● **Action item**:
The material below has pictures in it. Set down only the lines from the line containing "合肥永信签约蓝鸽集团开启ai智慧教室新时代" through the line containing "مصباح حائط LED", word for word, and leave the pictures behind.

● **Listed entries**:

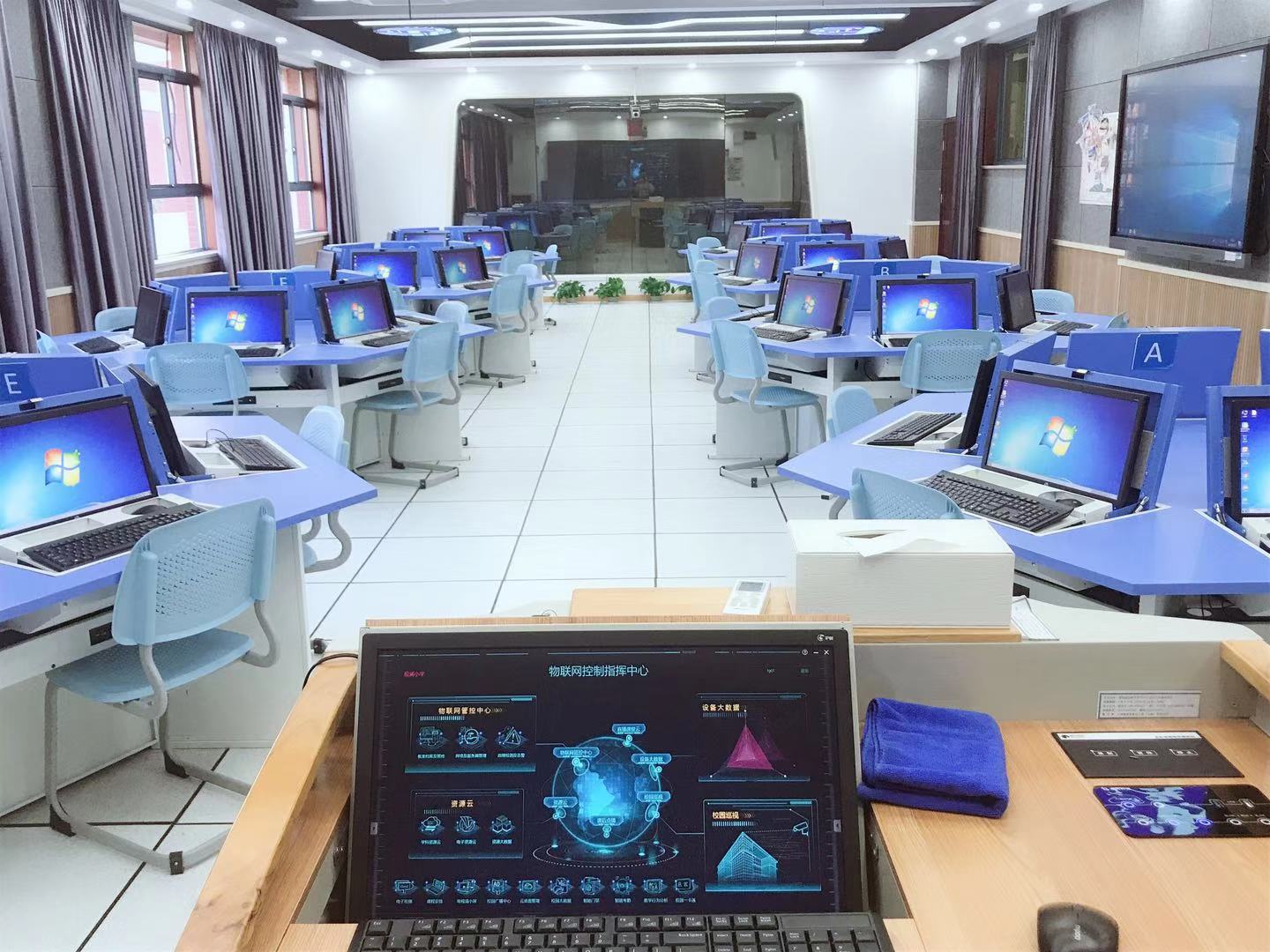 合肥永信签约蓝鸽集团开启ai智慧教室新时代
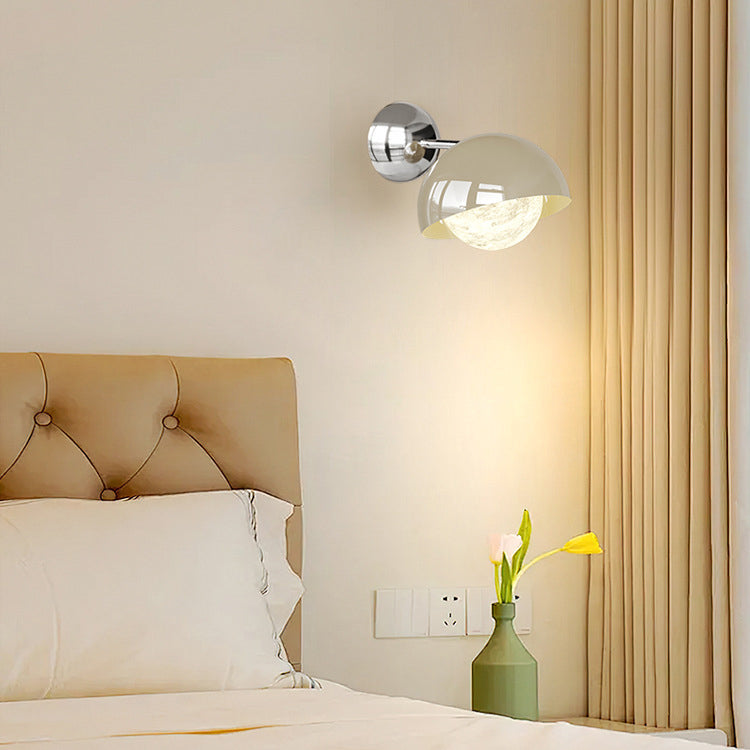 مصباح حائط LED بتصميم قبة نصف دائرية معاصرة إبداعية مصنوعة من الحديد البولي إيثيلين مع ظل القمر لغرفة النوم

--

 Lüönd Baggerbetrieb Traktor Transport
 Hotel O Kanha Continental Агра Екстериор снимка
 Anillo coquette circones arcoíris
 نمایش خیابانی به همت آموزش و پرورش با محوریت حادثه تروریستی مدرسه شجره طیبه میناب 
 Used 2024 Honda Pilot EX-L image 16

● **Expected answer**:
 合肥永信签约蓝鸽集团开启ai智慧教室新时代
 مصباح حائط LED بتصميم قبة نصف دائرية معاصرة إبداعية مصنوعة من الحديد البولي إيثيلين مع ظل القمر لغرفة النوم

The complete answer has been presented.